* Activity:
Without pictures, repeat the lines of the entries from the one containing "Dress Barn - Picture 6 of 9" through the last, both ends included, and nothing else.

[[ Data section, beginning ]]

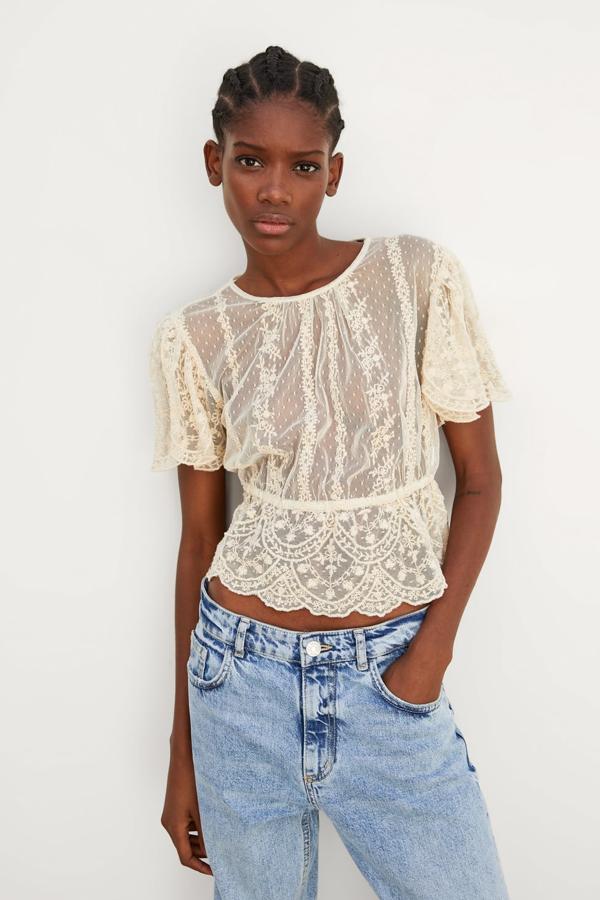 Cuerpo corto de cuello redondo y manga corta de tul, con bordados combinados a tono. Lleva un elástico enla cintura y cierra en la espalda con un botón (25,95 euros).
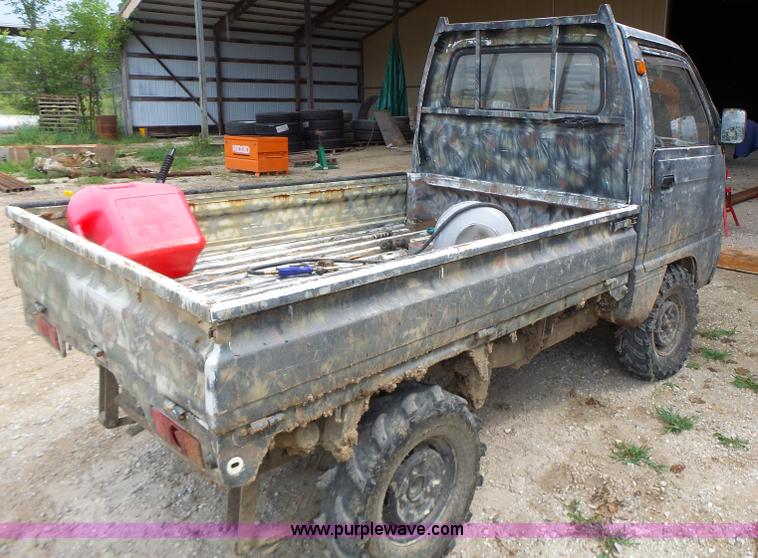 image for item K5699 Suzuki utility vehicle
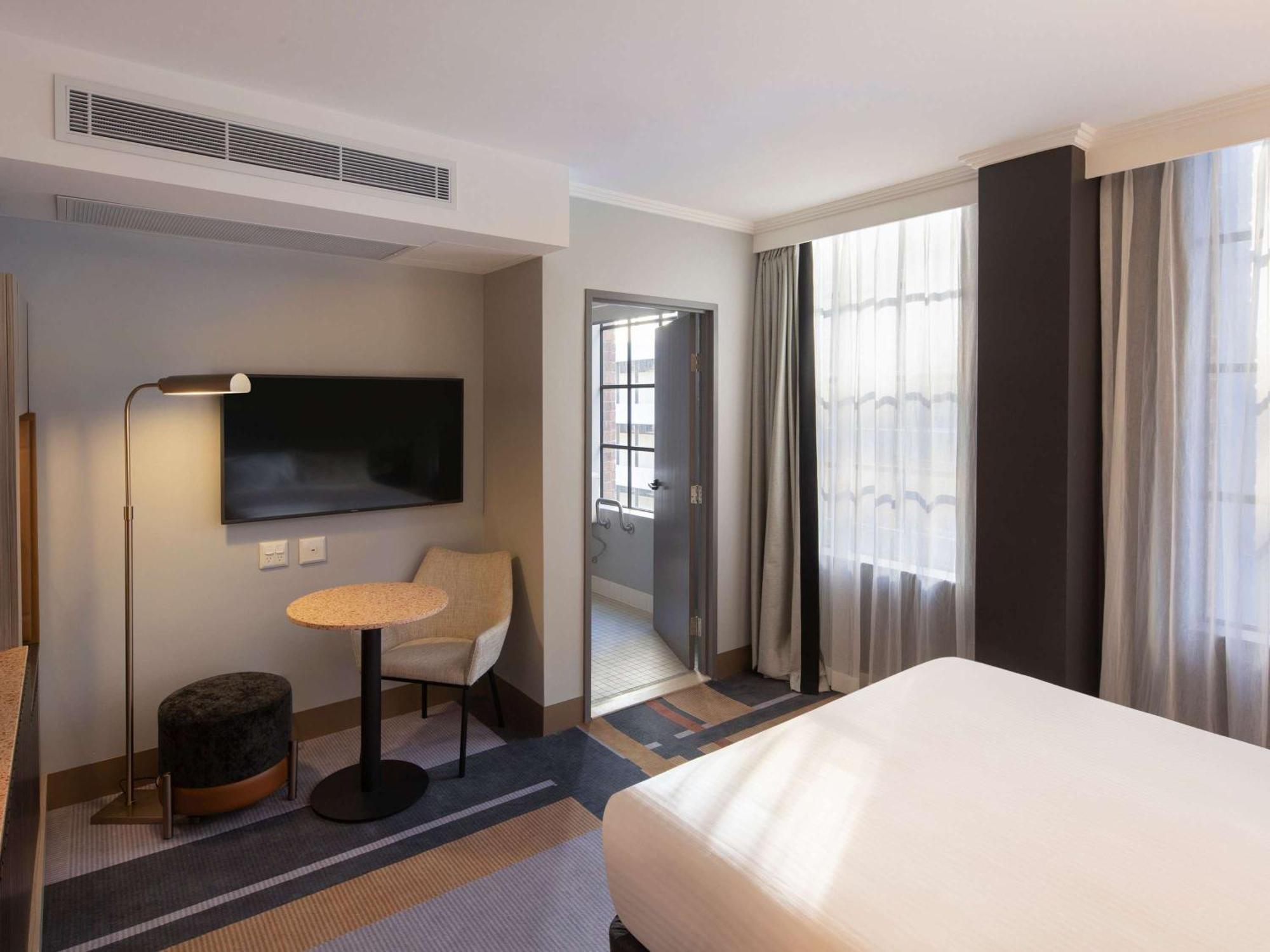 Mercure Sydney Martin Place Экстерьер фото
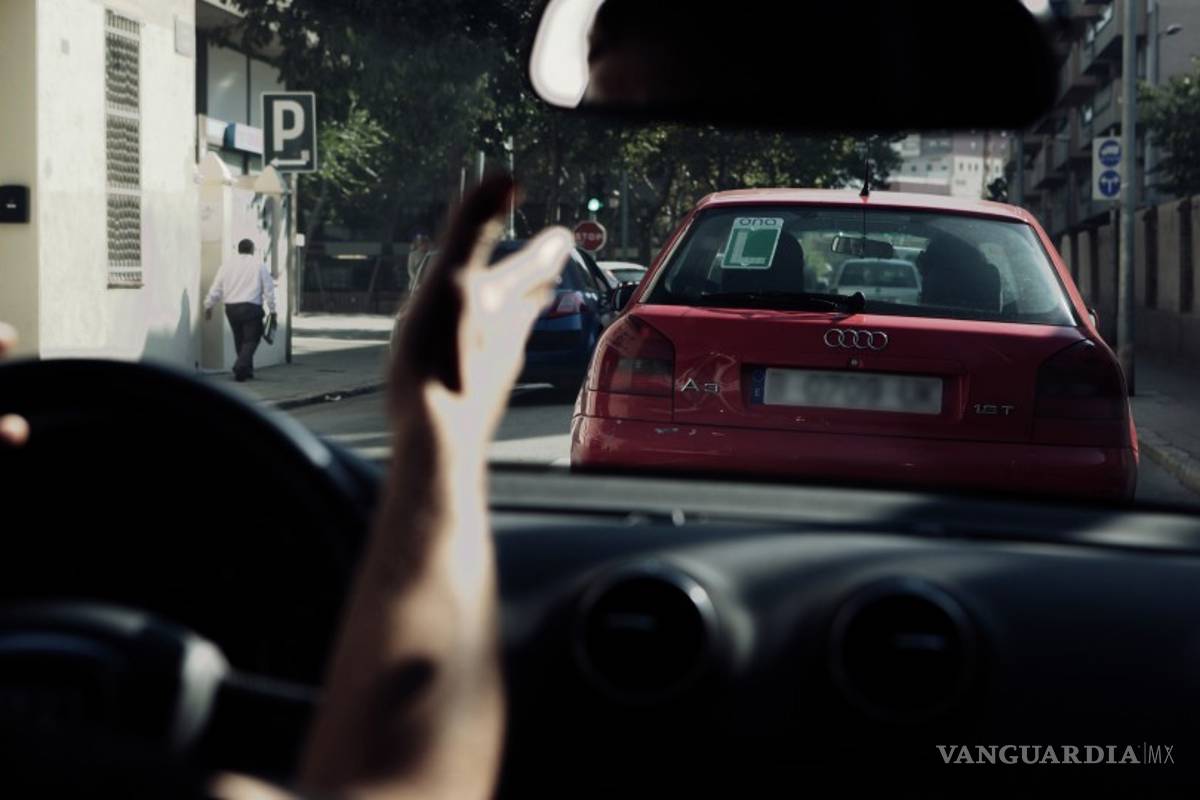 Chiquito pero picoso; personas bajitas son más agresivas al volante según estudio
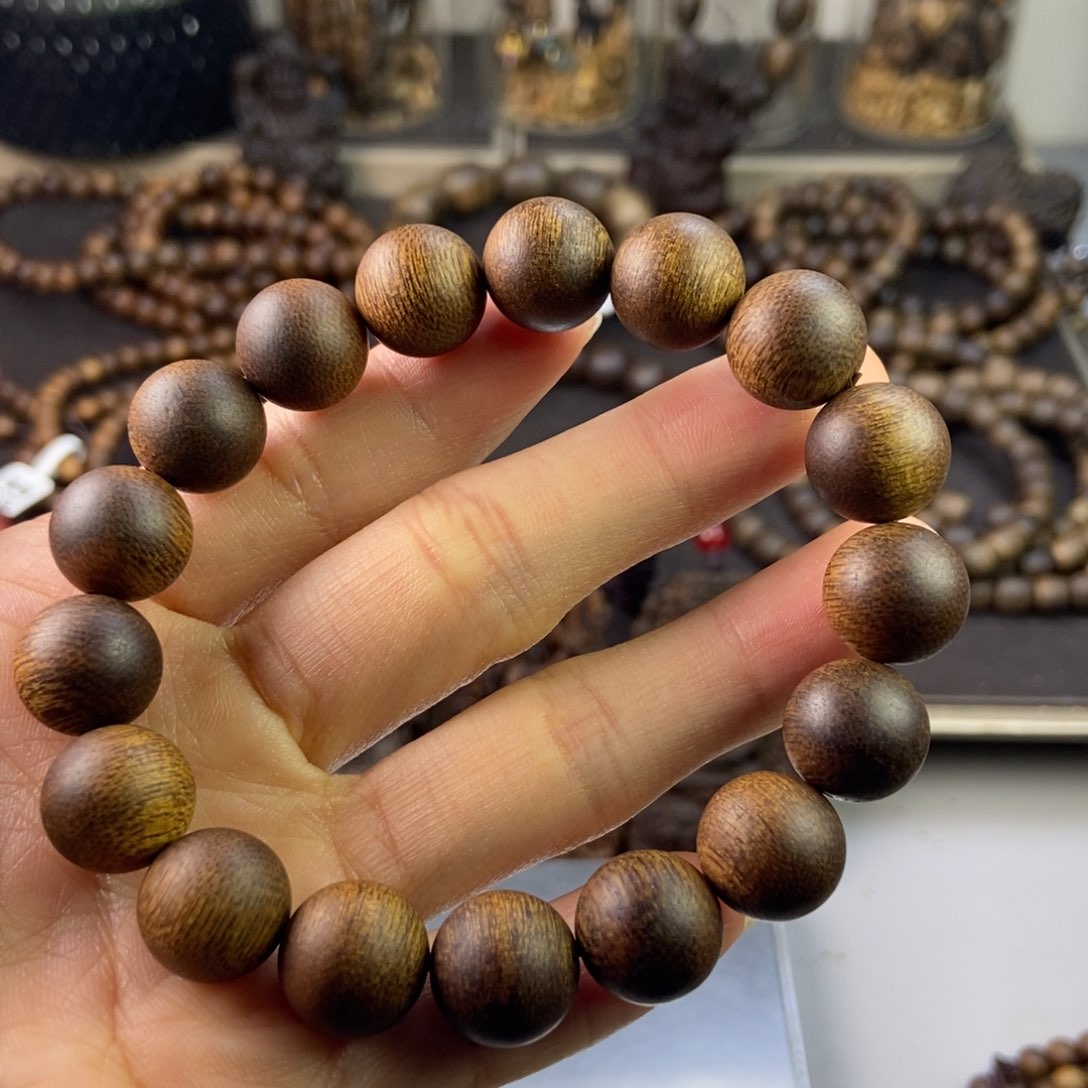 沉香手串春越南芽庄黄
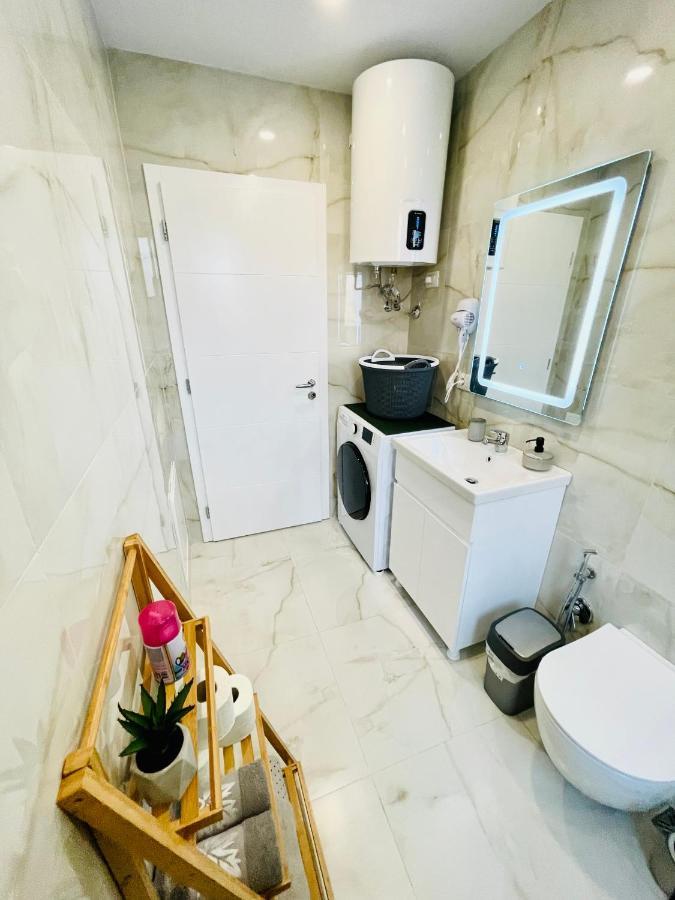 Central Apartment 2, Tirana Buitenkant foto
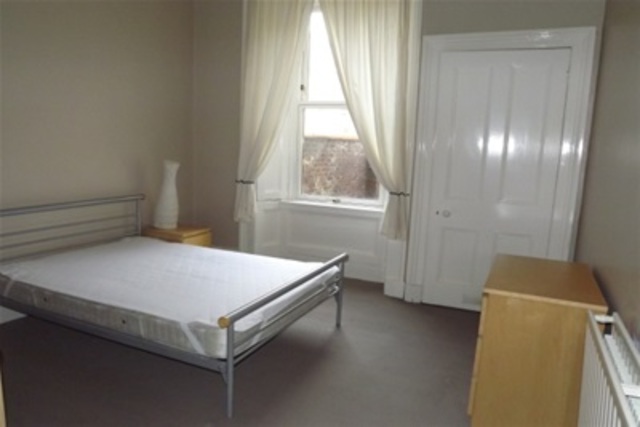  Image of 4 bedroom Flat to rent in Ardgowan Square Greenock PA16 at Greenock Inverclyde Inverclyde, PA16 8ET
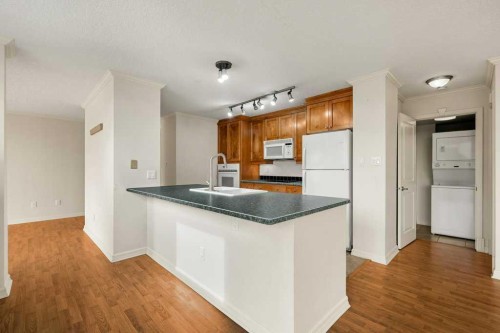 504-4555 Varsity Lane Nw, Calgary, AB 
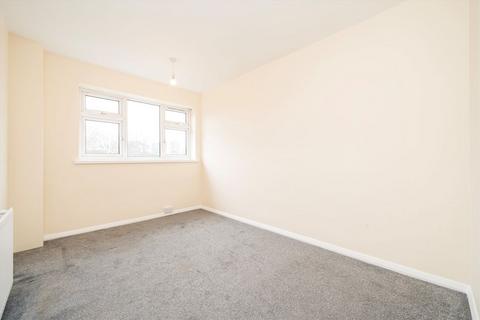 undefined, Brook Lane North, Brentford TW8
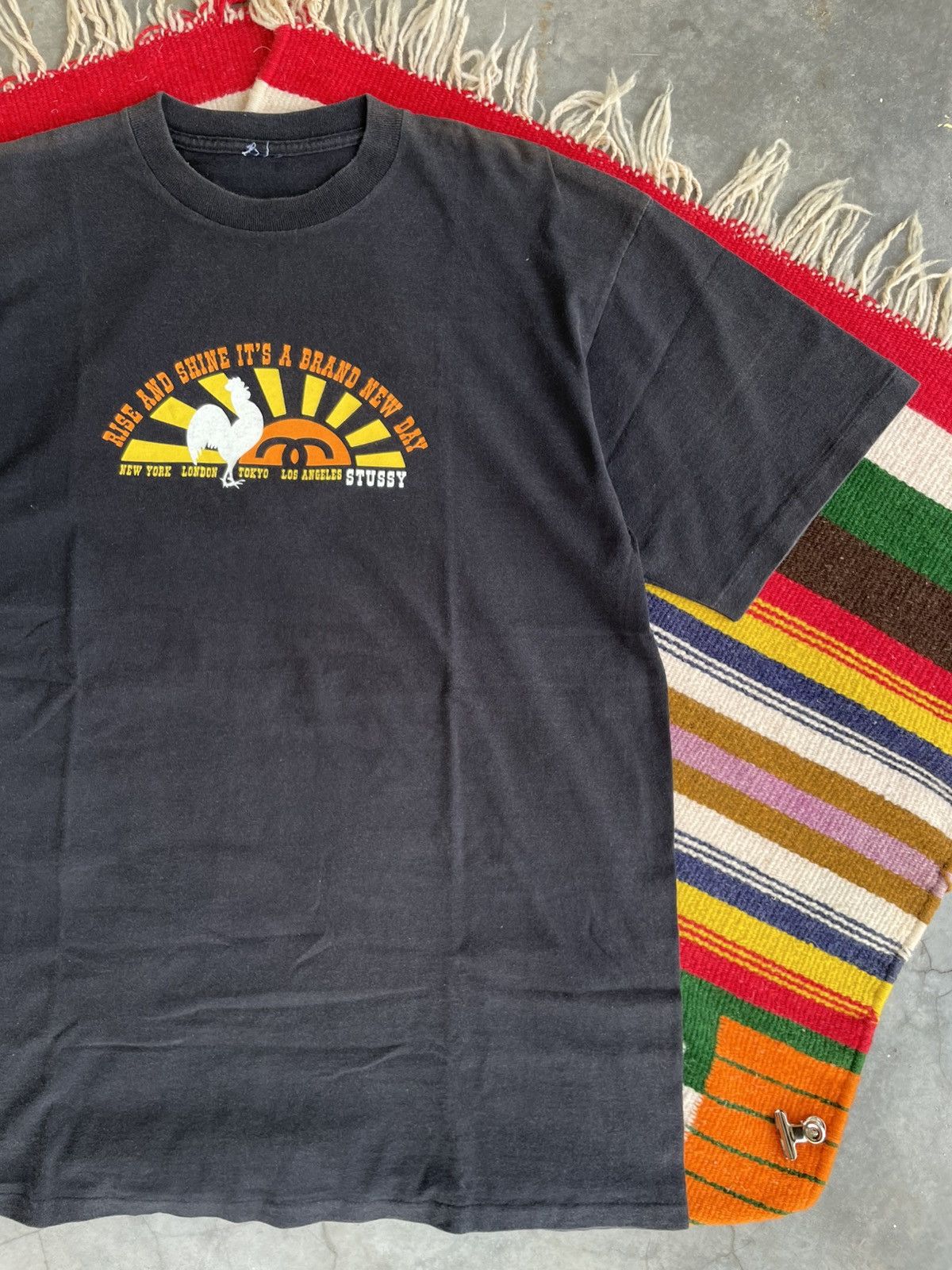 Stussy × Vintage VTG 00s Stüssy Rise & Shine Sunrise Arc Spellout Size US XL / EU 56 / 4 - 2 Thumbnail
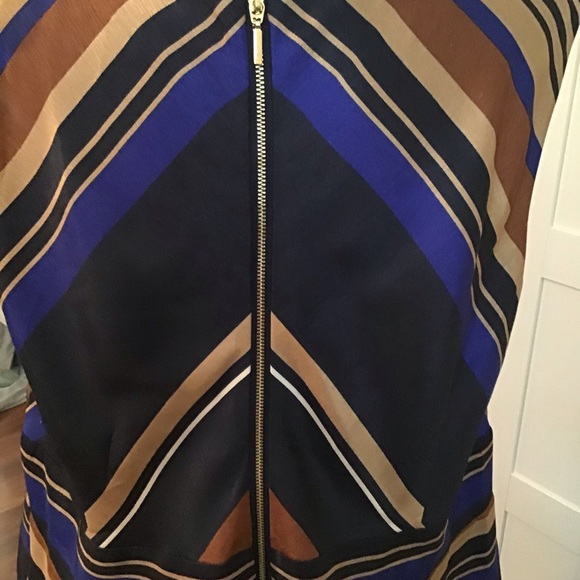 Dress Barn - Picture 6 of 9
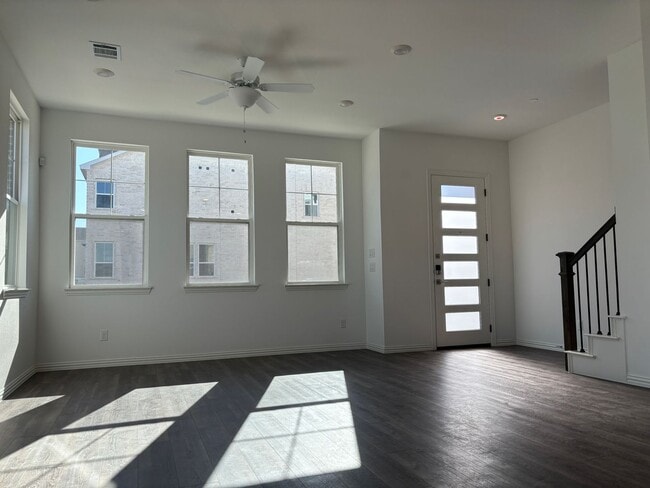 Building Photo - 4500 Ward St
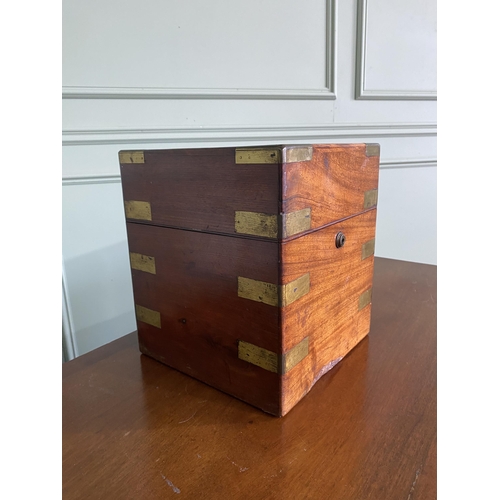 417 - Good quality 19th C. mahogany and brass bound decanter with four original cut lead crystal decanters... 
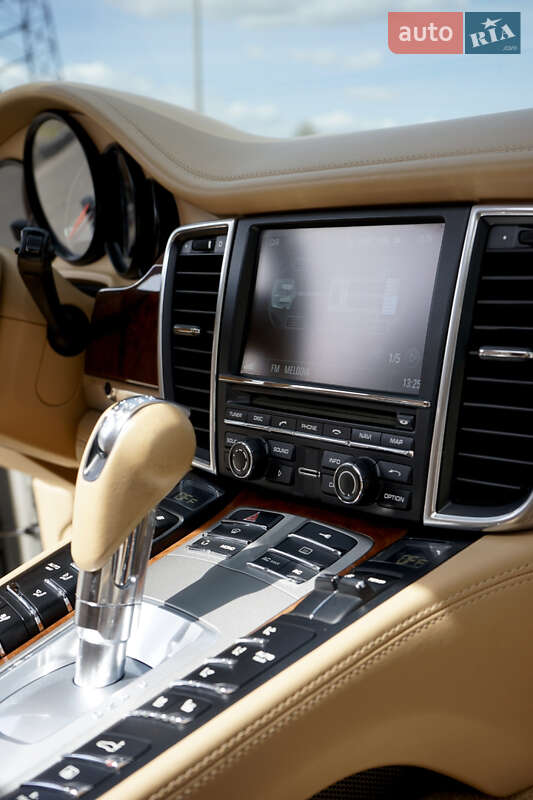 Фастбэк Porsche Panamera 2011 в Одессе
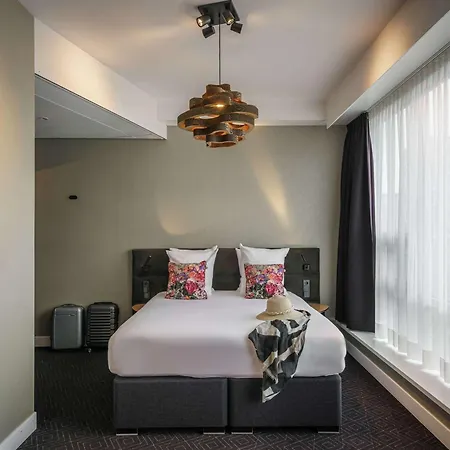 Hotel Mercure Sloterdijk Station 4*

[[ Data section, end ]]

* Your solution:
 Dress Barn - Picture 6 of 9
 Building Photo - 4500 Ward St
 417 - Good quality 19th C. mahogany and brass bound decanter with four original cut lead crystal decanters... 
 Фастбэк Porsche Panamera 2011 в Одессе
 Hotel Mercure Sloterdijk Station 4*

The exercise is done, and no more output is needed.